In 2006, after several years of legal efforts, former band members united to regain control of their music and end Hill's 35-year control of their collective efforts. Releasing a "Best of" collection, Harps On Willows, ASFB has established an ongoing musical legacy. The album was honored when selected by Cross Rhythms Magazine as one of the Top 20 CD Releases of 2006 along with releases from Bob Dylan and Switchfoot. "Here's a welcome collating of the best performances from one of America's greatest hippie Christian bands. While bands like Petra and Resurrection Band spent the '70s perfecting a heavy rock'n'roll, ASFB ploughed a bluesier furrow with ace blues guitarist Glenn Schwartz exemplifying his renowned skills. One joy is the fact that they wrote songs that were simple in their message. These are songs to get people to think about the Gospel, an art that seems to be missing in modern Christian music. These recordings are very much of their time so they are a little ragged around the edges production wise but the band certainly fulfilled their ambition to create music that would stop people in their tracks and make them respond to the Gospel."

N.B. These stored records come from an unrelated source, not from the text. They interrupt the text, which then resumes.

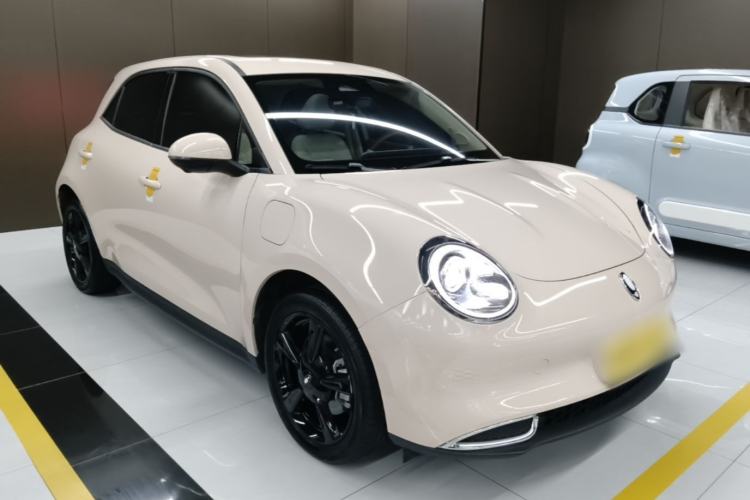Used ORA Good Cat 2024 401 km Luxury Version Front Right 45 Deg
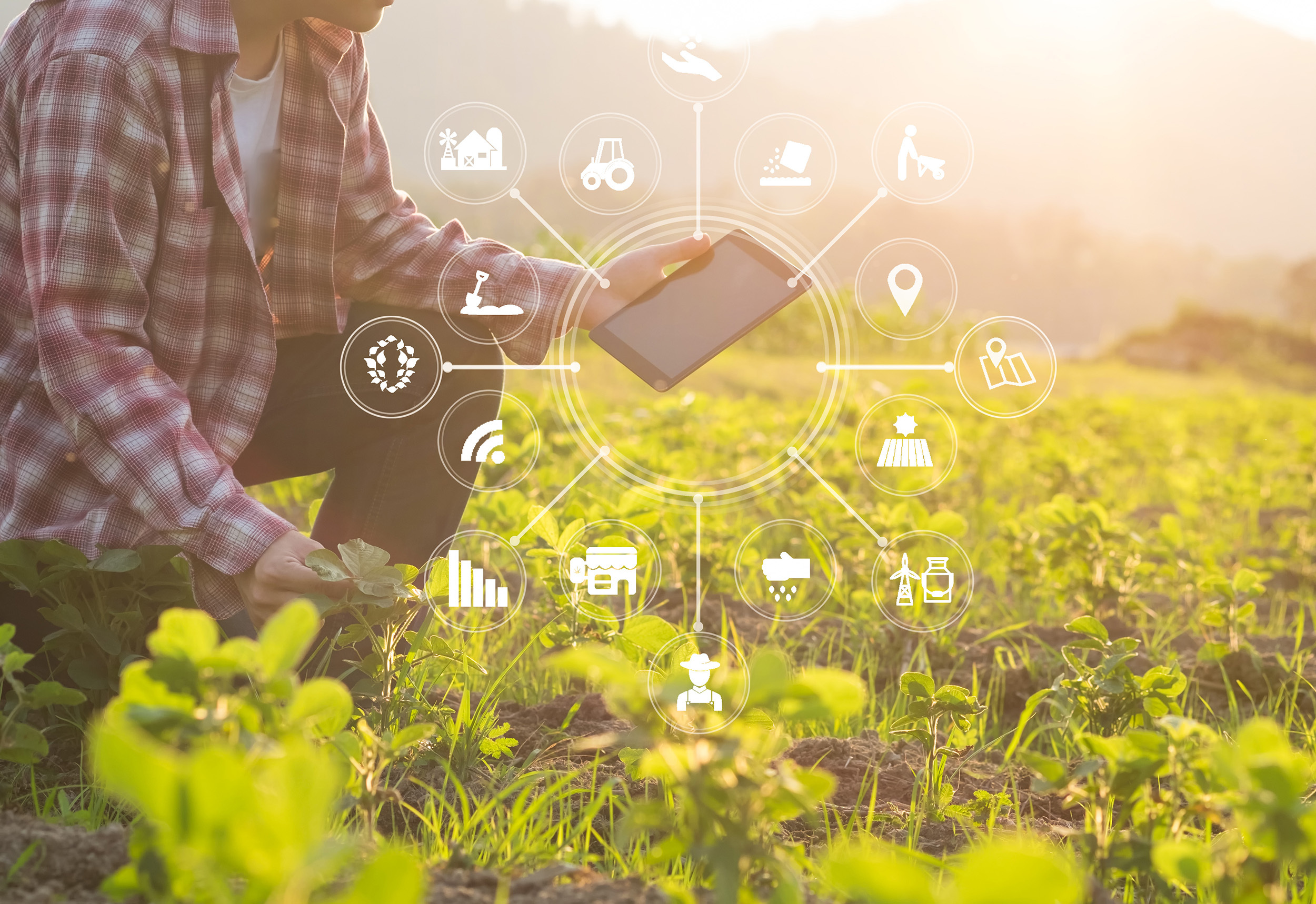 Digital innovation within the agrifood system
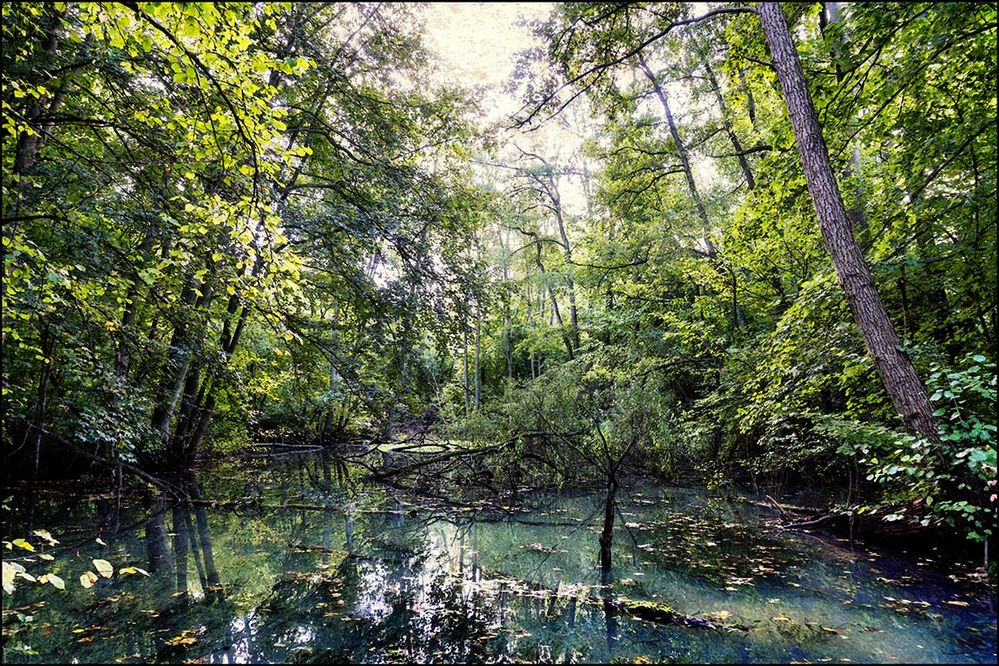 Mecklenburgischer Urwald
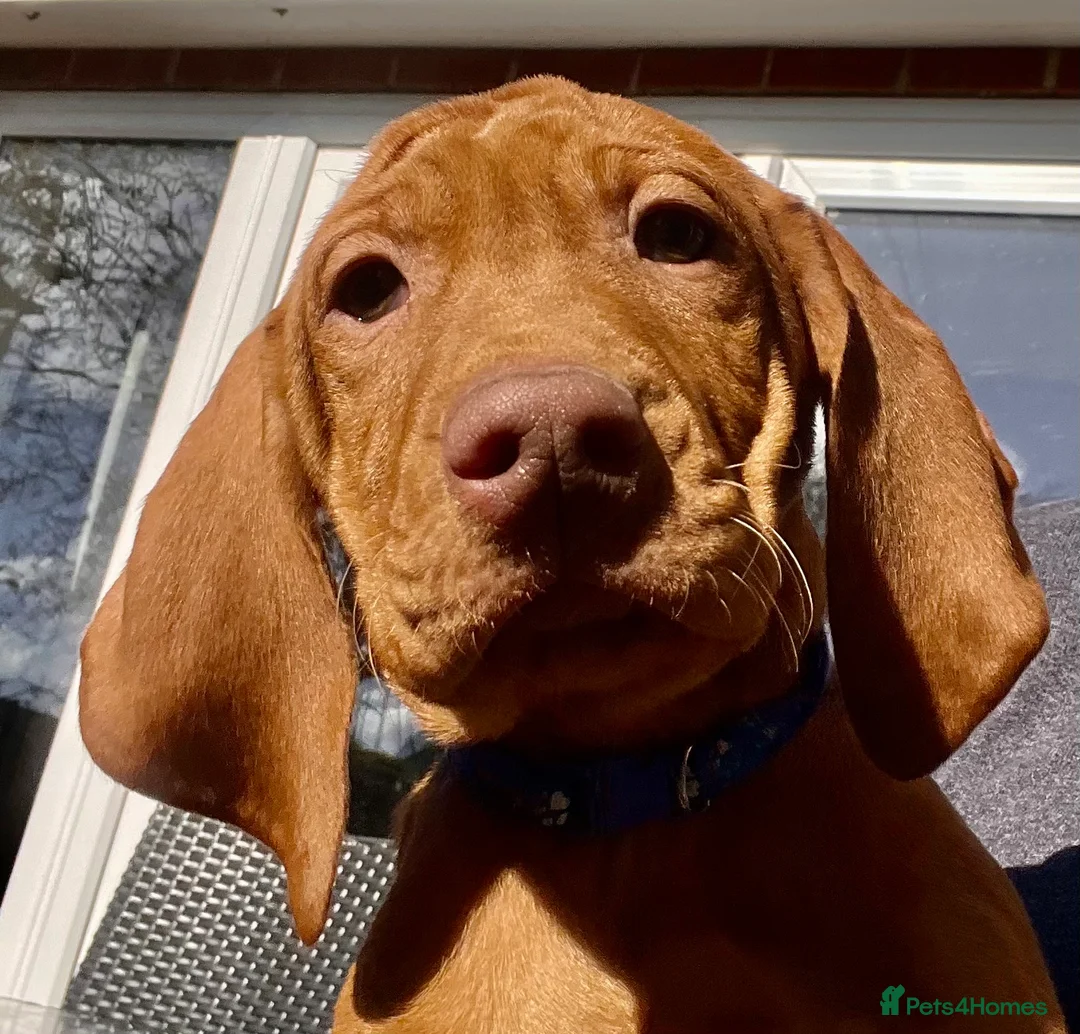 Hungarian Vizsla dogs for sale: Pedigree Hungarian Vizsla’s !! 🐶🐶 - Advert 1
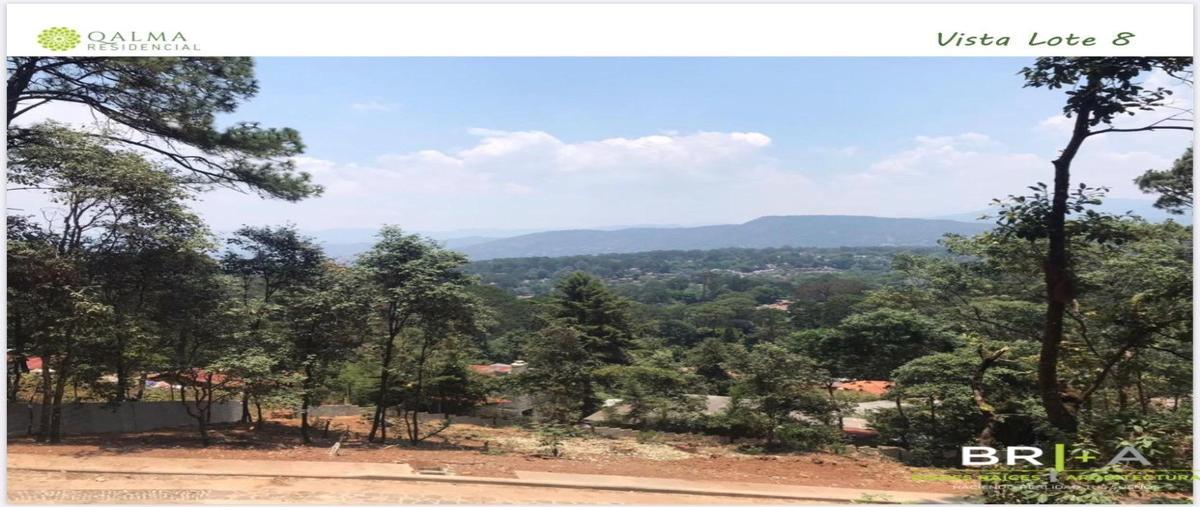 Foto de terreno habitacional en venta en  , cerro gordo, valle de bravo, méxico, 16744928 No. 05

The 2006 Emmy-nominated documentary, Lonnie Frisbee: Life and Death of a Hippie Preacher, by David Di Sabatino features two songs by the All Saved Freak Band ("Sower" and "My Poor Generation"), and the soundtrack to the documentary also included "Ode To Glenn Schwartz".

==Ministry==
The All Saved Freak Band played throughout the eastern portion of North America and Canada. As guests of the city of New Orleans, they played and testified at Mayor Moon Landrieu's private Mardi Gras reception held at City Hall, playing in Jackson Square and other venues during the day. ASFB also performed at the 1976 Summer Olympics in Montreal, playing as headliners at the Man and His World pavilion. Following a series of concerts at "Spring Break" in Fort Lauderdale, national publications as diverse as Christianity Today, Rolling Stone Magazine and the National Courier began carrying articles about the group.

Several of the band members were credentialed ministers, licensed with the Full Gospel Fellowship of Churches and Ministers International in Irving, Texas. With evangelistic fervor, they were obsessively focused on the work of "winning the lost," stressing personal evangelism at all concert events. Indian reservations in Canada, mental institutions in Maine, prisons in Ohio, rotundas and halls of State office buildings, International Exposition Halls, camps of migrant workers, tents at County Fairs, Churches in most states east of the Mississippi, open-air platforms, Music Halls, military bases, colleges, amphitheaters, nursing homes, parking lots, street corners and hay lofts—the band's flexibility allowed it to present a variety of musical expressions best serving the needs of evangelism. Creating their own label, Rock the World Enterprises [changed to War Again on the final recording], the group was entirely self-financed.

==Discography==
- My Poor Generation, 1973 (Rock The World)
- For Christians, Elves, and Lovers, 1976 (Rock The World)
- Brainwashed, 1976 (Rock The World)
- Sower, 1980, (War Again)
- Harps On Willows: Best of the All Saved Freak Band, July 4, 2006 (Hidden Vision)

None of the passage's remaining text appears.